Unfortunately, collegiate rowing was a disaster, and I quickly became injured and disenchanted with rowing by overtraining.
After spending all of my teenage years doing two-a-day practices, competing in sporting events on the weekends, and generally not having a life, I was burned out. I had always been competing to make someone else happy. I never competed to make me happy.
I still haven’t been on a rowing machine, in a boat, or swum more than a few laps since walking away from elite athletics. There’s still a lot of pain associated with those two sports. Maybe someday I’ll be ready to give them another go, but not today.
After leaving athletics, I lost that athletic girl who had been with me for most of my life. She never ceased to exist, but she was buried underneath all of the other things I had going on in my life. I tried to drown her in a sea of laziness and excuses.

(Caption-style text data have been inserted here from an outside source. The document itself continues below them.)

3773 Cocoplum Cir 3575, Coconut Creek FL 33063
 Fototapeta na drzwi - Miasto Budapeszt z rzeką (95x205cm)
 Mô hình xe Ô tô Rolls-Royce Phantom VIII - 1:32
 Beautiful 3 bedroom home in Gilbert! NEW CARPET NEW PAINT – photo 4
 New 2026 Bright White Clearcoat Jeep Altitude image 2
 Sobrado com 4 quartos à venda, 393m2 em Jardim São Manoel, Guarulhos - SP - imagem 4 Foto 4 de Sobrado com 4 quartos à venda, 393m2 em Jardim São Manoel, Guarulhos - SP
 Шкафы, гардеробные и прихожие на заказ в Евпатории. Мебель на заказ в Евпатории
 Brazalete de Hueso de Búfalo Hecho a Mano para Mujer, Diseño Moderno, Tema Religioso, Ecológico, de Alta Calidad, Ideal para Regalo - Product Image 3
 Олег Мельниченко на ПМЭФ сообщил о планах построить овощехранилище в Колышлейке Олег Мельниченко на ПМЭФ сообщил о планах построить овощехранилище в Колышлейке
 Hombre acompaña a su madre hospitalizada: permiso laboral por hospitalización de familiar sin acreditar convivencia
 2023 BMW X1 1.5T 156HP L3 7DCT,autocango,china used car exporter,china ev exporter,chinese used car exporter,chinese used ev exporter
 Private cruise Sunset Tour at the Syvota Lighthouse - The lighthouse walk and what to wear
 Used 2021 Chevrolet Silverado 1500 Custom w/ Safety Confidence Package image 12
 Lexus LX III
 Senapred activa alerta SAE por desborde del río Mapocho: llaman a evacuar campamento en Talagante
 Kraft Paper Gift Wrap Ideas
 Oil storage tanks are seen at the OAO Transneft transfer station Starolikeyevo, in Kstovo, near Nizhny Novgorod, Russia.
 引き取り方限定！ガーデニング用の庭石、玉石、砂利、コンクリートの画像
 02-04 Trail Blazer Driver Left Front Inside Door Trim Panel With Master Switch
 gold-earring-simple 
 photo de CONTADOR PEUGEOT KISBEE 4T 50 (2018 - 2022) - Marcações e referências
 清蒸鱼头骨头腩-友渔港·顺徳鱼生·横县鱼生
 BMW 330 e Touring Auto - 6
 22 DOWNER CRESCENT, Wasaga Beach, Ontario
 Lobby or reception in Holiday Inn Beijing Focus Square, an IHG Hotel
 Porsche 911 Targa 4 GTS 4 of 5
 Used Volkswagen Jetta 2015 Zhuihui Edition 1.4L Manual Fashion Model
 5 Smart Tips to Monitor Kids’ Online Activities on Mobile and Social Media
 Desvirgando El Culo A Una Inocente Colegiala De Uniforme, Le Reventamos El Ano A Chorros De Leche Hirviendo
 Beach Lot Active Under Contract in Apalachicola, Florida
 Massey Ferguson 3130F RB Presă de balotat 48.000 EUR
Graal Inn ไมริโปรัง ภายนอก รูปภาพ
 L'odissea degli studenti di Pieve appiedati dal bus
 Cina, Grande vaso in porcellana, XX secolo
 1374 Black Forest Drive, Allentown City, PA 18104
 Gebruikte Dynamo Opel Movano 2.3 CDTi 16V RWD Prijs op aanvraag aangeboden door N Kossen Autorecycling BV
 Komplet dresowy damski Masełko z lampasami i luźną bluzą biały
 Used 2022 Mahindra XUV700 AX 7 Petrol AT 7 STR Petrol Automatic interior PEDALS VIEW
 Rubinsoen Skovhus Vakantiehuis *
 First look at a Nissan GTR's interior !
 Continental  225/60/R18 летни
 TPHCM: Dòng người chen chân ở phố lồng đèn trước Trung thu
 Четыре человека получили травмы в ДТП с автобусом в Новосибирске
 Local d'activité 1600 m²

Then I discovered running. Because I had spent so many years trying to be the best in my chosen sports, it was nice to choose one where I knew I wasn’t going to be the best. I could race for me.
After my first 5k, I was hooked. Now, I thrive on running races, either for distance, or to set a new PR. Getting back into the competitive atmosphere was just what I needed to reignite my passion for being athletic.
It hasn’t been an easy road back to the competitive world, but slowly, I’m working my way back. I now feel that old spark and thrill of excitement when I’m at the starting line for a race.
And that’s worth all the blood, sweat, and tears I put into it.